FLAVIO BISCIOTTI: OBJECTS AND META-OBJECTS
By Peter Frank
All but dissolved over the course of a century, the boundary between fine and functional art is still a realm of exploration and play for artists coming at it from either side. Flavio Bisciotti comes at it, in effect, from both sides. Trained as an architect, the Argentine-born, Los Angeles-based artist-designer responds to the world equally in painting and in furniture design, in two dimensions and in three, in graphic expression and in material, in line and in substance. His chairs, tables, and other objects for the home and studio betray an artist’s extravagance and a designer’s economy, an architect’s logic and a poet’s fantasy. He makes pictorial and useful things alike out of observation — the creative eye, embracing all it sees —- out of meditation — the becalmed soul, contemplating ergonomic and spiritual needs alike — and out of desperation — the awakened mind, responding to calamity. For Bisciotti, the eye’s adventure answers to the body’s needs — and vice versa.

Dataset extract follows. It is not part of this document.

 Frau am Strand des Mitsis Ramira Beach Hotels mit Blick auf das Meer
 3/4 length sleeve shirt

In his furniture Bisciotti delights in the dynamic interaction of geometric forms, in essence creating classic abstract compositions out of chair legs and back rests, as well as out of substances whose colors and textures interact in lively contretemps. The seats and tables read immediately as non-objective sculptures, all vivid angles and odd joins; they seem to dare you to sit or place things on them. But, for all their frisson of sabotage, these structures are sturdy and, more surprisingly, comfortable to occupy. In this they pay knowing homage to De Stijl and the Bauhaus, reminding us that, 80-100 years on, Rietveld’s reclining chaise and the Barcelona Stuhl still look more forbidding than inviting, but, once occupied, envelop the sitter in a startlingly sensuous experience. Bisciotti adores and emulates this High Modernist tradition, making him something of a Neo-Modernist. Where the Neo comes in, where Flavio diverges from Oud and Mondrian, Kandinsky and Breuer, is in his incorporation of raw and/or recycled materials, even discarded forms. Bisciotti is not an assemblagist per se, but he appreciates the ad hoc energy of the assemblage approach, in life as in art. Los Angeles, a vast field of discards, inspires him, as do the generations of assemblage artists — some of whom are his close friends — who take advantage of southern California’s recycle culture.

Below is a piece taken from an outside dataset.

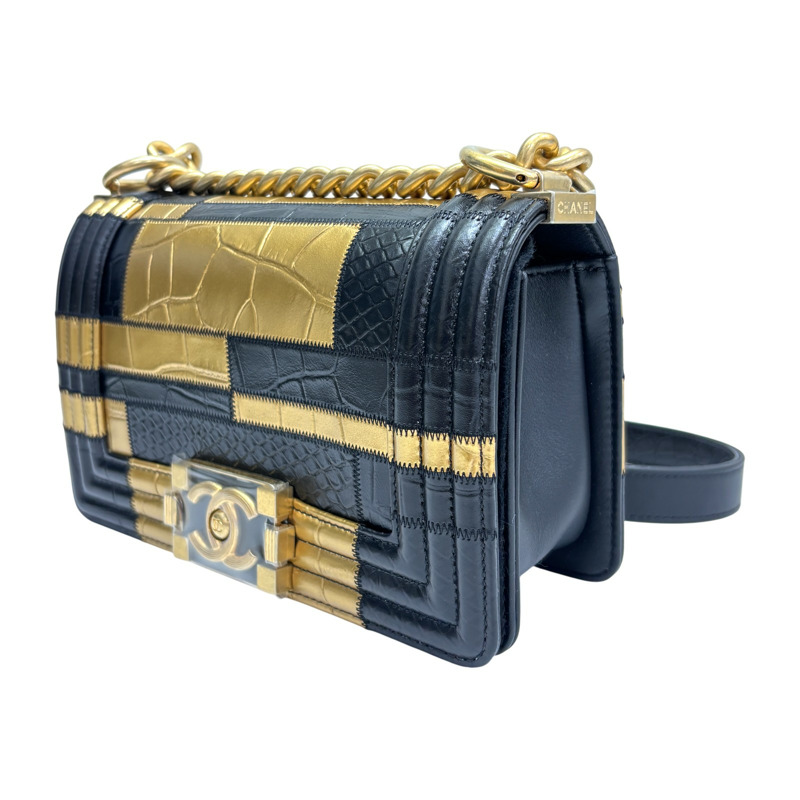 黑金 鱷魚紋小牛皮壓紋 Small Boy 肩背包【CHANEL 香奈兒】 A67085-1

If Bisciotti can appear as ad hoc as his assembling compeers, he can and has fully committed himself to assemblage techniques and methods in the face of personal tragedy and loss. A fire almost four years ago destroyed much of his Venice home and studio. Rather than immobilize him, the event spurred him to inventive response, prompting him to make the most of what was left. The charred and doused detritus became “filler” material for a series of large seats made out of transparent acrylic — seemingly cobbled together, but in fact carefully and lovingly fashioned. Their contents were treated with similar respect; for all their wounded grime, the books and papers and personal items Flavio rescued (well, half-rescued, half-disinterred) from the flames comprise a portrait of the artist and his milieu. The bulky, boxy structures entombing this stuff are thus not simple coffins for inanimate keepsakes, but sarcophagi for the remains of a civilization, as maintained by one of that civilization’s artists. As you sit on these chairs and couches, or even just inspect them, you feel a presence radiating out of them, a time and place bigger than a house fire and bigger than a single human. It is the early 21st century, roiling with the spirit of change and rising, continually, from the ashes.

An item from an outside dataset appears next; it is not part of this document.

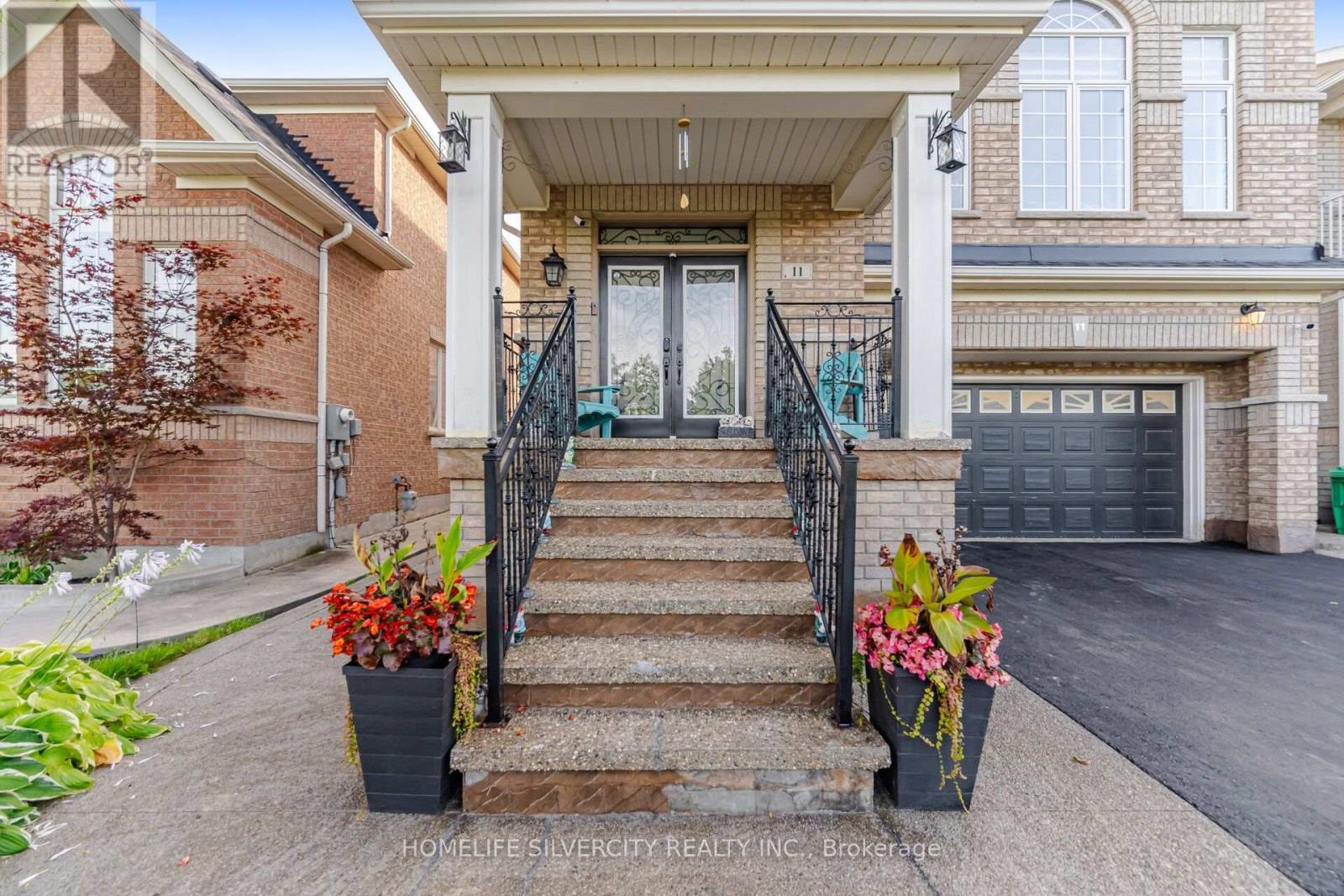11 SWALES CRESCENT - 4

Bisciotti paints architecture — paints whole towns, really — as the meeting place of design, space, and history. His canvases thrum with an urban strangeness, a De Chirico-like sense of an overfull emptiness born of longing and curiosity. In his furniture, Bisciotti moves from eye to hand to give solid form to that longing and curiosity, and to mitigate that overfullness with something palpable, reassuring, yet as vital as the metropolitan, and modernist, spirit they celebrate. Flavio Bisciotti would bring the urban germ back to us, as much in his assertive, cleverly built furniture as in his poignantly described paintings and drawings. Take a seat and live amongst the edifices.